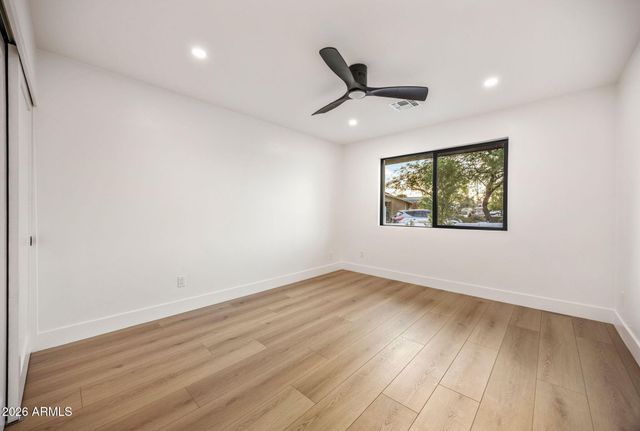 5129 E VOLTAIRE Avenue, Scottsdale, AZ 85254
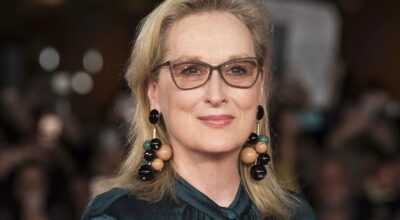 Meryl Streep brilla a sus 75 años con un vestido camisero combinado con accesorios que son pura estética años 90 y 2000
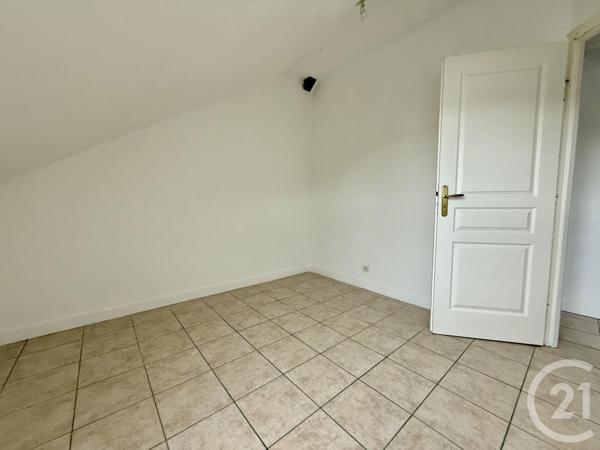 Immeuble à vendre  179,41 m2 FONTAINEBLEAU - 77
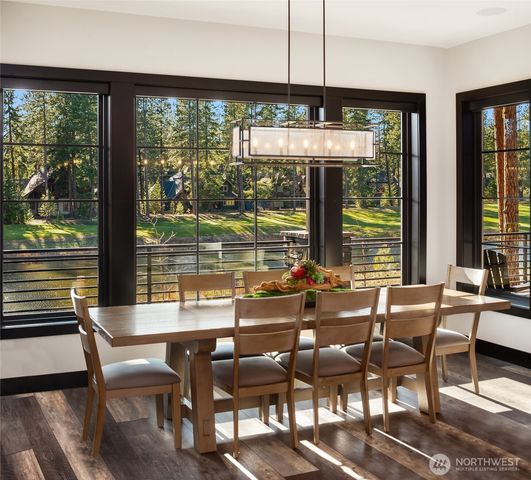 351 Steam Gin Loop, Cle Elum, WA 98922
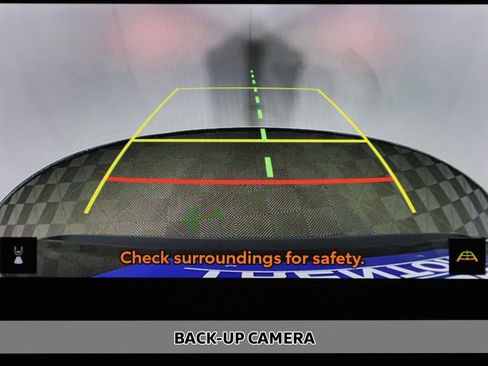 Used 2023 Toyota RAV4 XLE image 5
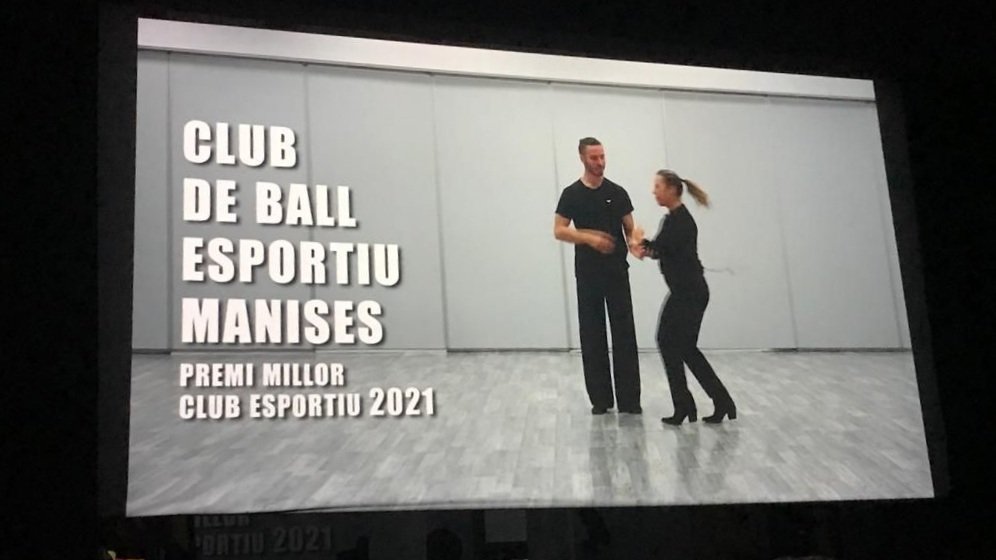 CsManises's tweet photo. Gala de L'Esport 2021.
Desde Ciudadanos Manises queremos dar la enhorabuena a los galardonados:
🔹Elba Garfella Béjar como mejor deportista
🔹 Club de Ball Esportiu Manises
🔹 Vicente Chenoll Mora
#CsConElDeporte⚽️🏀🏊♂️🏐
#CsConManises https://t.co/NEaPLI4Ivh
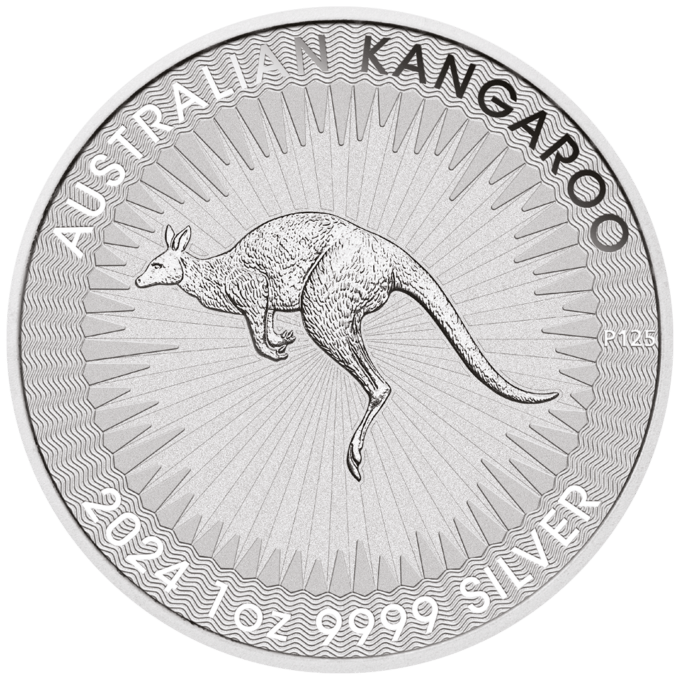 Austrálska minca Klokan z roku 2024, bola vyrazená mincovňou Perth z 1 unce rýdzeho striebra 99,99%.
Motív mince predstavuje klasické zobrazenie červeného klokana obklopeného štylizovanými slnečnými lúčmi. Súčasťou dizajnu sú aj nápisy „AUSTRALIAN KANGAROO“, rok vydania, hmotnosť „1oz“, rýdzosť „9999“ a „SILVER“.
Minca je prvou vydanou mincov v mincovni Perthe s portrétom kráľa Karola III. od Dana Thorna.
Austrálska strieborná minca klokan bola prvý krát vyrazená v roku 2015 a odvtedy je už vydávaná každoročne. Minca s rovnakým motívom každý rok je celosvetovo veľmi žiadaná.
Pre investorov sú mince dodávané samostatne alebo v originálnych tubách po 25 kusoch. V prípade záujmu si môžete túto mincu objednať aj v masterboxe v počte 250 kusov.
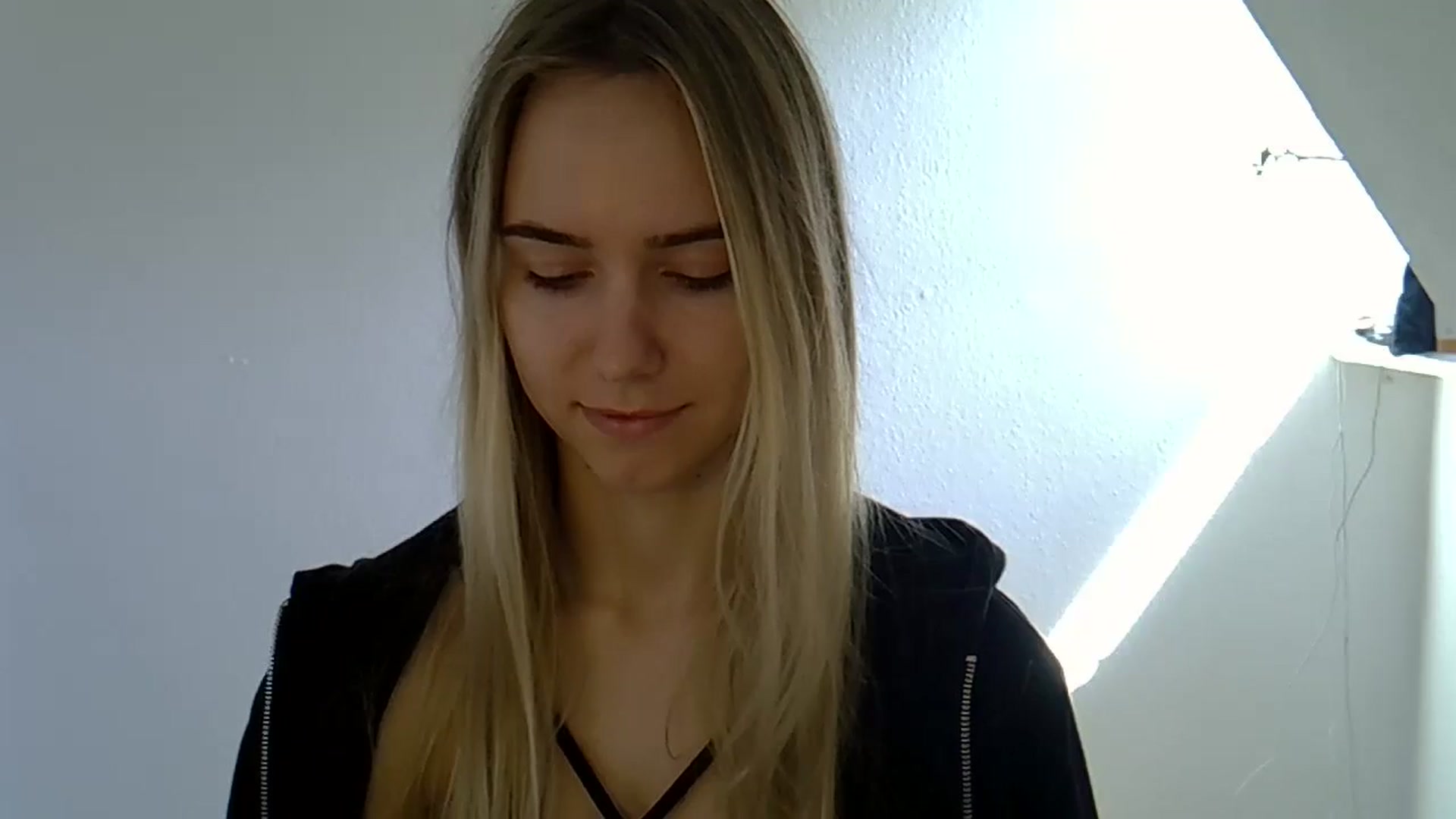 Gallery image thumbnail from Ocean__Soul's myfreecams stream on, 05/13/2025, 10:19 image 3 of 20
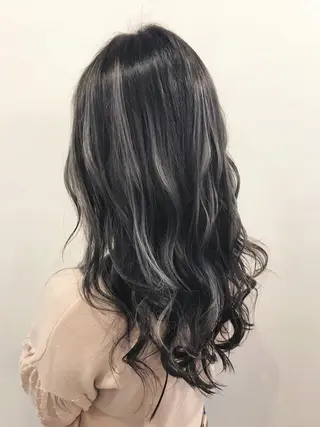 セミロング カラー 平尾 拓也のヘアスタイル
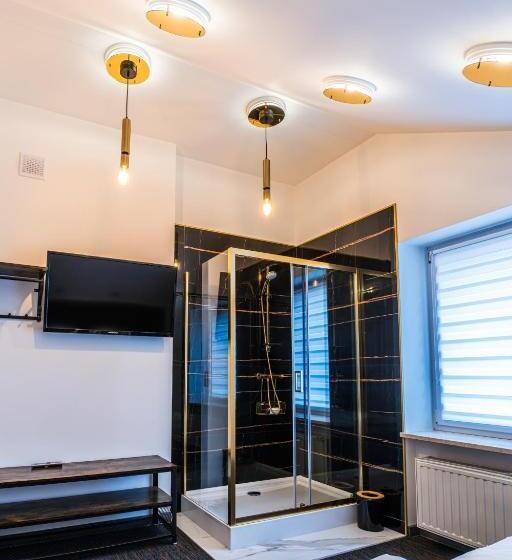 סטודיו סופריור, Glamour   Restaurant & Spa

==========

Aim of the exercise
Starting at the line that contains "Vicente Chenoll Mora" and ending with the last line of the data, transcribe every line exactly; skip the pictures.

Written solution
🔹 Vicente Chenoll Mora
#CsConElDeporte⚽️🏀🏊♂️🏐
#CsConManises https://t.co/NEaPLI4Ivh
 Austrálska minca Klokan z roku 2024, bola vyrazená mincovňou Perth z 1 unce rýdzeho striebra 99,99%.
Motív mince predstavuje klasické zobrazenie červeného klokana obklopeného štylizovanými slnečnými lúčmi. Súčasťou dizajnu sú aj nápisy „AUSTRALIAN KANGAROO“, rok vydania, hmotnosť „1oz“, rýdzosť „9999“ a „SILVER“.
Minca je prvou vydanou mincov v mincovni Perthe s portrétom kráľa Karola III. od Dana Thorna.
Austrálska strieborná minca klokan bola prvý krát vyrazená v roku 2015 a odvtedy je už vydávaná každoročne. Minca s rovnakým motívom každý rok je celosvetovo veľmi žiadaná.
Pre investorov sú mince dodávané samostatne alebo v originálnych tubách po 25 kusoch. V prípade záujmu si môžete túto mincu objednať aj v masterboxe v počte 250 kusov.
 Gallery image thumbnail from Ocean__Soul's myfreecams stream on, 05/13/2025, 10:19 image 3 of 20
 セミロング カラー 平尾 拓也のヘアスタイル
 סטודיו סופריור, Glamour   Restaurant & Spa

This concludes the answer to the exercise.